◆ Required work ◆
What is needed is an exact copy of every record below.

◆ Supplied records ◆

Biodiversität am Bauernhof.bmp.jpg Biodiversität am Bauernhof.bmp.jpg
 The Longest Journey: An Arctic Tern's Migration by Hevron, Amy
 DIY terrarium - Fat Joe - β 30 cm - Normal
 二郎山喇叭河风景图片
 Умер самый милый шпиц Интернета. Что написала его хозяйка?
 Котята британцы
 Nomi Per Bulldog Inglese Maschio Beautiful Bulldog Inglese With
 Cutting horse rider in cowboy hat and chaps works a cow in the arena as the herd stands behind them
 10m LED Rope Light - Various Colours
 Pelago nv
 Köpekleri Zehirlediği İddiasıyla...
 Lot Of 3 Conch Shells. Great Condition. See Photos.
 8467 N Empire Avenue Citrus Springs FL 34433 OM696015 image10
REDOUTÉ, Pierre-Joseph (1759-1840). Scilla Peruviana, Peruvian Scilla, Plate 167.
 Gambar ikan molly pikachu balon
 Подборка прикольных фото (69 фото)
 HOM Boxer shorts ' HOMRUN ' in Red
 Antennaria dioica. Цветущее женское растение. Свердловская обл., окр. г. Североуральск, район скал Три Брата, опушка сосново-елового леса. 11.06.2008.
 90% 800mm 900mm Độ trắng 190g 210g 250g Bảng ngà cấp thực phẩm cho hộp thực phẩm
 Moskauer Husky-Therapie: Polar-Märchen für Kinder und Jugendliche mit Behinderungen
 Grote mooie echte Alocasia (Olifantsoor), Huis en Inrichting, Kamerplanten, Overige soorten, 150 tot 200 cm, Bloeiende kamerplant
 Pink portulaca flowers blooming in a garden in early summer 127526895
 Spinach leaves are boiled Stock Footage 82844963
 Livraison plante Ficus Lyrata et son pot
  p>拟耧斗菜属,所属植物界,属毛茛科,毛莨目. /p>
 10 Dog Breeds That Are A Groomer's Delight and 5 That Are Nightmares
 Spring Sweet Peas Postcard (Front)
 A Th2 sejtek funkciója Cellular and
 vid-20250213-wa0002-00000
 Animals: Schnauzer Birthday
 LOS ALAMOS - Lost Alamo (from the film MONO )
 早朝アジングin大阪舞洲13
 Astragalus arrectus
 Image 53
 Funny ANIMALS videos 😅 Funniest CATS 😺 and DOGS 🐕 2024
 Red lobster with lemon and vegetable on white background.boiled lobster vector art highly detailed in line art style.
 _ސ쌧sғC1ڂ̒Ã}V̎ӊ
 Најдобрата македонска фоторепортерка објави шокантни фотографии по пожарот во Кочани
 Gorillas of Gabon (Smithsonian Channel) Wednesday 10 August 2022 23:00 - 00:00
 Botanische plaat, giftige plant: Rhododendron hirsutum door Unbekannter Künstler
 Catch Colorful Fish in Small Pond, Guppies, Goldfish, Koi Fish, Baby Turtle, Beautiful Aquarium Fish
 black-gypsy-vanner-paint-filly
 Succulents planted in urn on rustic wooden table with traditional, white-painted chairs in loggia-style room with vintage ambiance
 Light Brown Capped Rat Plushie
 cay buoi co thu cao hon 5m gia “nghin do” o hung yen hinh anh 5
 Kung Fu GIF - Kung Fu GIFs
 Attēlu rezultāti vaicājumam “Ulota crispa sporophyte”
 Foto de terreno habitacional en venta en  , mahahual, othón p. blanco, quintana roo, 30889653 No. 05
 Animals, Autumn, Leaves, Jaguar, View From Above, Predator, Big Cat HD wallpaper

◆ Response for this exercise ◆
Biodiversität am Bauernhof.bmp.jpg Biodiversität am Bauernhof.bmp.jpg
 The Longest Journey: An Arctic Tern's Migration by Hevron, Amy
 DIY terrarium - Fat Joe - β 30 cm - Normal
 二郎山喇叭河风景图片
 Умер самый милый шпиц Интернета. Что написала его хозяйка?
 Котята британцы
 Nomi Per Bulldog Inglese Maschio Beautiful Bulldog Inglese With
 Cutting horse rider in cowboy hat and chaps works a cow in the arena as the herd stands behind them
 10m LED Rope Light - Various Colours
 Pelago nv
 Köpekleri Zehirlediği İddiasıyla...
 Lot Of 3 Conch Shells. Great Condition. See Photos.
 8467 N Empire Avenue Citrus Springs FL 34433 OM696015 image10
REDOUTÉ, Pierre-Joseph (1759-1840). Scilla Peruviana, Peruvian Scilla, Plate 167.
 Gambar ikan molly pikachu balon
 Подборка прикольных фото (69 фото)
 HOM Boxer shorts ' HOMRUN ' in Red
 Antennaria dioica. Цветущее женское растение. Свердловская обл., окр. г. Североуральск, район скал Три Брата, опушка сосново-елового леса. 11.06.2008.
 90% 800mm 900mm Độ trắng 190g 210g 250g Bảng ngà cấp thực phẩm cho hộp thực phẩm
 Moskauer Husky-Therapie: Polar-Märchen für Kinder und Jugendliche mit Behinderungen
 Grote mooie echte Alocasia (Olifantsoor), Huis en Inrichting, Kamerplanten, Overige soorten, 150 tot 200 cm, Bloeiende kamerplant
 Pink portulaca flowers blooming in a garden in early summer 127526895
 Spinach leaves are boiled Stock Footage 82844963
 Livraison plante Ficus Lyrata et son pot
  p>拟耧斗菜属,所属植物界,属毛茛科,毛莨目. /p>
 10 Dog Breeds That Are A Groomer's Delight and 5 That Are Nightmares
 Spring Sweet Peas Postcard (Front)
 A Th2 sejtek funkciója Cellular and
 vid-20250213-wa0002-00000
 Animals: Schnauzer Birthday
 LOS ALAMOS - Lost Alamo (from the film MONO )
 早朝アジングin大阪舞洲13
 Astragalus arrectus
 Image 53
 Funny ANIMALS videos 😅 Funniest CATS 😺 and DOGS 🐕 2024
 Red lobster with lemon and vegetable on white background.boiled lobster vector art highly detailed in line art style.
 _ސ쌧sғC1ڂ̒Ã}V̎ӊ
 Најдобрата македонска фоторепортерка објави шокантни фотографии по пожарот во Кочани
 Gorillas of Gabon (Smithsonian Channel) Wednesday 10 August 2022 23:00 - 00:00
 Botanische plaat, giftige plant: Rhododendron hirsutum door Unbekannter Künstler
 Catch Colorful Fish in Small Pond, Guppies, Goldfish, Koi Fish, Baby Turtle, Beautiful Aquarium Fish
 black-gypsy-vanner-paint-filly
 Succulents planted in urn on rustic wooden table with traditional, white-painted chairs in loggia-style room with vintage ambiance
 Light Brown Capped Rat Plushie
 cay buoi co thu cao hon 5m gia “nghin do” o hung yen hinh anh 5
 Kung Fu GIF - Kung Fu GIFs
 Attēlu rezultāti vaicājumam “Ulota crispa sporophyte”
 Foto de terreno habitacional en venta en  , mahahual, othón p. blanco, quintana roo, 30889653 No. 05
 Animals, Autumn, Leaves, Jaguar, View From Above, Predator, Big Cat HD wallpaper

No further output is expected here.